Nov 27 2005

The Web Is Not A Normalized Relational Database

I had lunch with Stan James on Friday at Pasquini’s Pizzeria.  Stan is the creator of Outfoxed and was introduced to me by Seth Goldstein who is one of the guys behind AttentionTrust.org and has recently launched Root Markets (Seth has a long essay up about Root Markets: Media Futures: From Theory to Practice that is very interesting (and complex) if you are into this stuff.))

Stan’s moving to Boulder to be in the middle of the Internet software development universe (ok – he’s moving back here because it’s a much better place to live than Silicon Valley, but don’t tell anyone).  We spent a bunch of time getting to know each other, we talked about the research he’d been doing for his masters these in Cognitive Science at the University of Osnabrueck, and how this led to Outfoxed.  Oh – and we ate a huge delicious pizza.
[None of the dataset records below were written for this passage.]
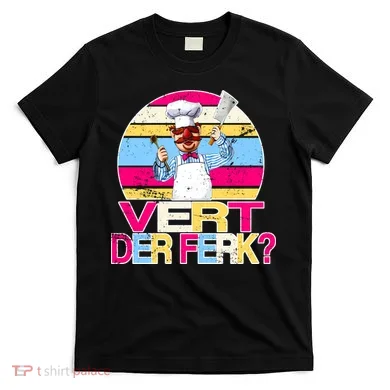 Distressed Vert Der Ferk Retro Chef T-Shirt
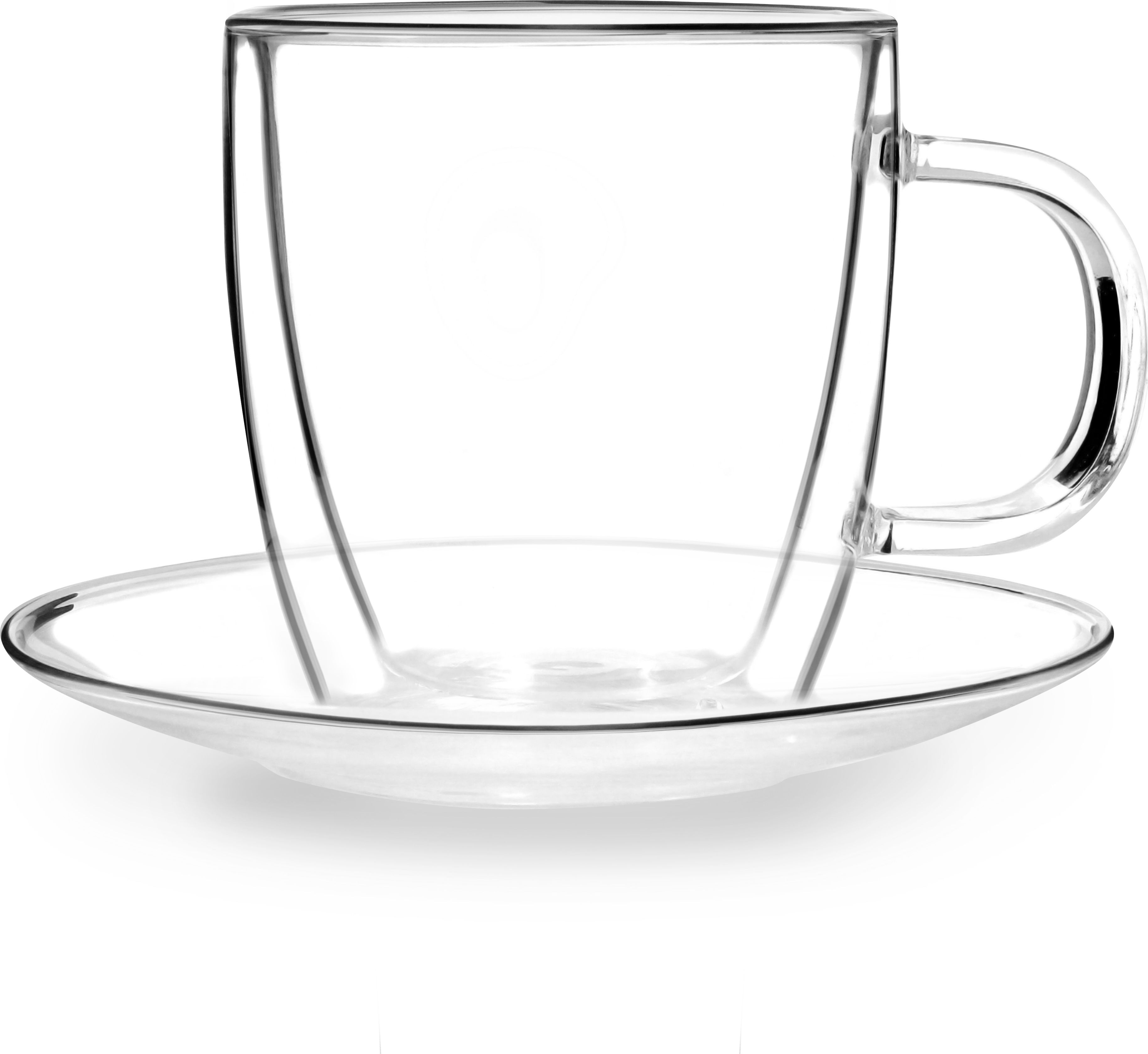 Vialli Design Komplet 2 filiżanek 250 ml ze spodkami Amo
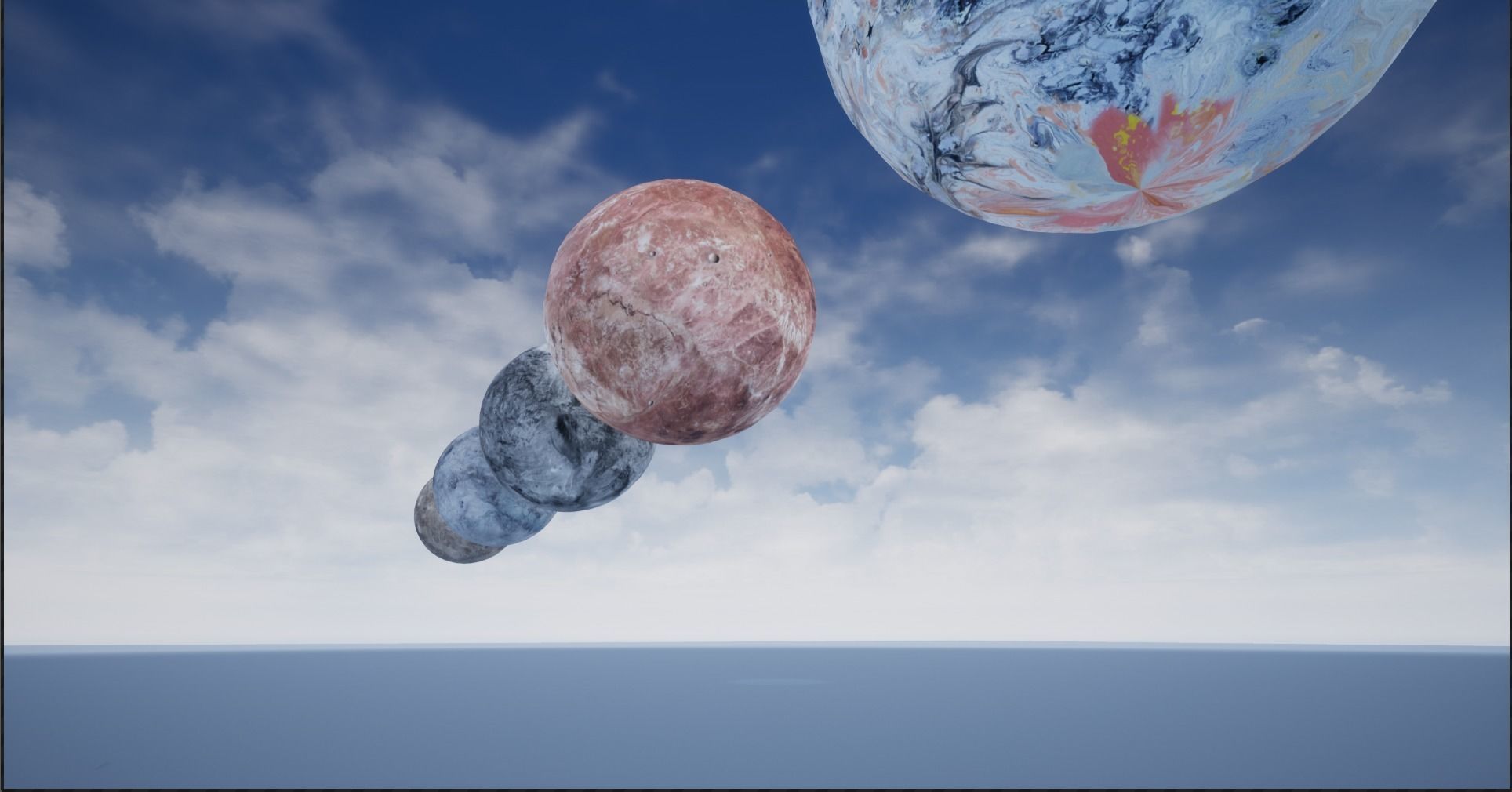 4K PBR Fictional Planets Low-poly 3D model_18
I’d been playing with Outfoxed for a few days on my computer at home (I have a computer at home that I’ll install anything on) and was sort of getting it.  An hour with Stan helped a lot.  When I combine what Outfoxed is figuring out for me with the data I’m getting from Root’s Vault (my clickstream / attention data) I can see how this could be really useful to me in a few weeks once I’ve got enough data built up. More in a few weeks.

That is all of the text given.